Photo Credit - Wes Parkes

Arthur Skolnik is a collection fanatic. He admits it. So does his wife.

Probably, she would not be averse to sticking pins in him over his obsession, which is a most appropriate reaction considering the Toronto landscape gardener has one of the three largest collections of Bonsai pins on earth.

“I have 997 and every one of them is different,” he says proudly as he glances up at the collection amassed on a floor-to-ceiling piece of felt on his office wall.

“I could pass the 1,000 milestone in a few weeks and there are only two others in the world who have reached that”

Mr. Skolnik is typical of tens of thousands of Canadians who have made a hobby out of collecting pins. They might concentrate on hockey players or the Olympic Games; beer or banks; the RCMP or the Royal Canadian Legion.

Ron Boily, president of the Winnipeg Pin Collectors Club knows the pin world as well as anyone. The retired, 56-year old photographer, has been an avid collector since the 1980s, has at least 15,000 pins displayed all over his home and understand what’s hot and what’s not. For example , sports is always hot.

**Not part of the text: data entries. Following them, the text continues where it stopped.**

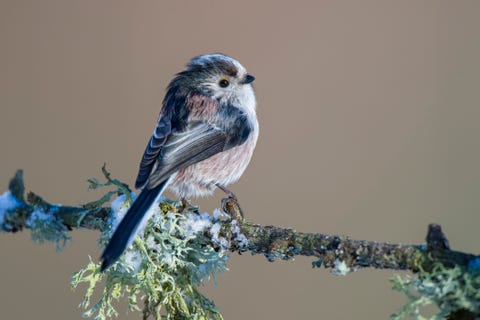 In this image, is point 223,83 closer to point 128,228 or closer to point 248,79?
point 248,79

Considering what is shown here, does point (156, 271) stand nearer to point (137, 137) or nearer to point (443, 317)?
point (443, 317)

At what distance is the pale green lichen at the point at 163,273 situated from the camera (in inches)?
62.3

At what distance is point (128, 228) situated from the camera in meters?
1.51

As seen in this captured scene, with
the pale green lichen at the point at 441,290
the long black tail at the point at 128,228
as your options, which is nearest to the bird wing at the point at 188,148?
the long black tail at the point at 128,228

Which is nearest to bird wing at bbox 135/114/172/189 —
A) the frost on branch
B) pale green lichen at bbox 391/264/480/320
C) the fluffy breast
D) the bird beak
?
the fluffy breast

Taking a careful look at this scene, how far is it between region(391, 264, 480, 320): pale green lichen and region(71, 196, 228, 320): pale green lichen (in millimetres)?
599

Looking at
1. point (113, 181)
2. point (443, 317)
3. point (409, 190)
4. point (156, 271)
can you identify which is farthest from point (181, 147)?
point (409, 190)

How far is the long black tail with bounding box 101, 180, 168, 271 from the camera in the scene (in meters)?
1.40

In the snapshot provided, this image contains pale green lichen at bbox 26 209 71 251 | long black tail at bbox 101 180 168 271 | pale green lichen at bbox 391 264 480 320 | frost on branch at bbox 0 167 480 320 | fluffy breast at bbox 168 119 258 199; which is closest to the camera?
pale green lichen at bbox 391 264 480 320

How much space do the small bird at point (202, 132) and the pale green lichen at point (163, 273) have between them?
0.46 feet

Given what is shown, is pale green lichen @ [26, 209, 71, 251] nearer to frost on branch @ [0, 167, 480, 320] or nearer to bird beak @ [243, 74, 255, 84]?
frost on branch @ [0, 167, 480, 320]

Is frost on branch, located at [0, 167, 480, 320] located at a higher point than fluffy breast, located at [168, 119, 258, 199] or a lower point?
lower

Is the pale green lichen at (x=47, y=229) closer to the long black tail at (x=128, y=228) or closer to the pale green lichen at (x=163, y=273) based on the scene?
the pale green lichen at (x=163, y=273)

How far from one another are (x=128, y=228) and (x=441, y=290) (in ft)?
2.63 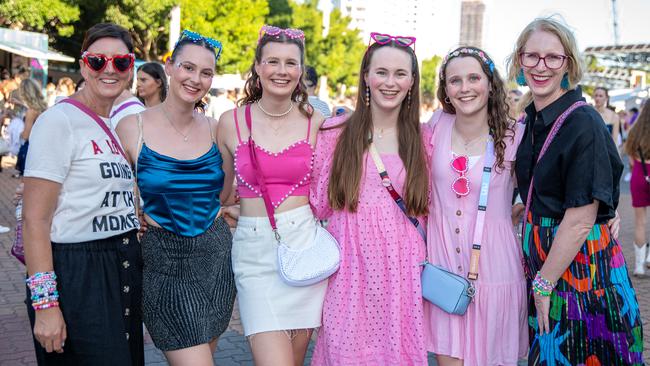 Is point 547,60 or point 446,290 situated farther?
point 446,290

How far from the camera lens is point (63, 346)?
268cm

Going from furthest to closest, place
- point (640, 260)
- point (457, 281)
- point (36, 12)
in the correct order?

“Pin Fever really started at the Los Angeles Olympics,” he says. “Whenever there is a major sporting event, thousands of people pick up pins. Our membership really spiked during the Calgary Olympics and you should have seen it when Winnipeg hosted the World Curling Championships last year. “Collectors came from all over the world to watch the curling and to trade pins. There is such a huge pin following for curling. “Certainly, you can expect the same to happen when the Winter Olympics come to Vancouver.

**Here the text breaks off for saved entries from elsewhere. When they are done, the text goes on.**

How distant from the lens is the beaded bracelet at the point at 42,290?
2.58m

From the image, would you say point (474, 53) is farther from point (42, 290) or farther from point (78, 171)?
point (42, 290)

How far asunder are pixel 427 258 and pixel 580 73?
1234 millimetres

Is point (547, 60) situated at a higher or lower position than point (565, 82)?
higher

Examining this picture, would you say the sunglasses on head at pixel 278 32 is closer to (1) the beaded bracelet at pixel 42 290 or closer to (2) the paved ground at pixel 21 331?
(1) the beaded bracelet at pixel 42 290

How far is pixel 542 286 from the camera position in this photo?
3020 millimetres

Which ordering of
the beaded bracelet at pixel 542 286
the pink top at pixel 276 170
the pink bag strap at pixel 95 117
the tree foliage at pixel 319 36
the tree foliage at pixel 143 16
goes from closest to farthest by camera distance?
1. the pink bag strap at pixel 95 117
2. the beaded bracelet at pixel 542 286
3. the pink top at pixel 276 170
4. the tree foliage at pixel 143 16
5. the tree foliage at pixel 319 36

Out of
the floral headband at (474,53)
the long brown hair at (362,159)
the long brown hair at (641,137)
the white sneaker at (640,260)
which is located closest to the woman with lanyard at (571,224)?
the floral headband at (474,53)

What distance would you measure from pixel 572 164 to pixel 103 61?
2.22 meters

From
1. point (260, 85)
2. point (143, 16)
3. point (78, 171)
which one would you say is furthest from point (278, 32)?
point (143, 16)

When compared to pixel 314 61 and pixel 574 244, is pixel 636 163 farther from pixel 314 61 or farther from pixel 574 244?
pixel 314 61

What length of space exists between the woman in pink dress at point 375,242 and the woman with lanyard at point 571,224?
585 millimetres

Mr. Boily does not confine himself to one or two subjects. For example, trading in Disney pins is big business. Workers at every Disney centre carry pins which they trade with visitors. And those same visitors trade with one another.

How do you spot a trader? “Simple,” says Mr. Boily, who’s been there, done that. “They will be wearing a pin.”

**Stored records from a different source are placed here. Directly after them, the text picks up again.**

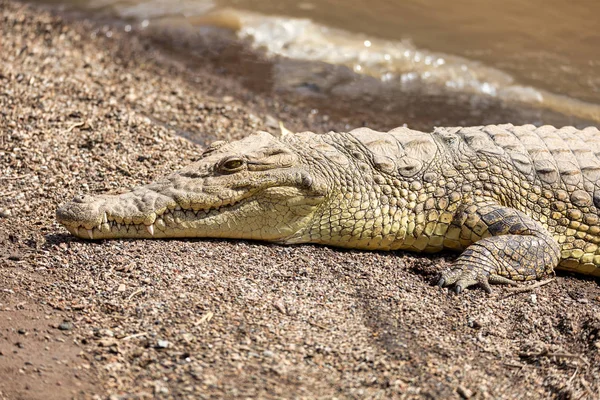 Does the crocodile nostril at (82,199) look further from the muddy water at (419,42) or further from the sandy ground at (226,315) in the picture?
the muddy water at (419,42)

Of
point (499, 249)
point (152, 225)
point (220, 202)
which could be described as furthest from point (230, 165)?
point (499, 249)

Mr. Boily carries pins from Warner Brothers, the provinces, TV stations, newspapers and other media outlets, the Canadian Football league. Sports is particularly heavy. Apart from curling and the Olympics, hockey, football, basketball and baseball attract eager followers. There are also niche collectors who concentrate on one, often obscure, subject. That’s where Mr. Skolnik comes in.

He began his journey to pin collecting fanaticism in 1980 when friends dragged him to Montreal’s botanical gardens to see a new collection of bonsai from the Orient. He astonished himself by becoming instantly fascinated and passionate about the plants. He reads books, took a course, opened his own bonsai store in Old Montreal and began to take in conventions all over North America. At every convention he picked up a bonsai pin – that’s one that carries a bonsai image, the name of the city it came from, the bonsai club or all of the above. The collection grew slowly until the Internet arrived. “That and the long empty winters – I own a landscape business, you know -0 turned it into an obsession,” Mr. Skolnik says. Making trades is a vital part of the pin collection business. Since these are not for sale, what does Mr. Skolnik do for trading? Have a third collection, of course.

“With my traders, I have something between 1,500 and 1,800 all told,” he says of a collection he values at around $10,000.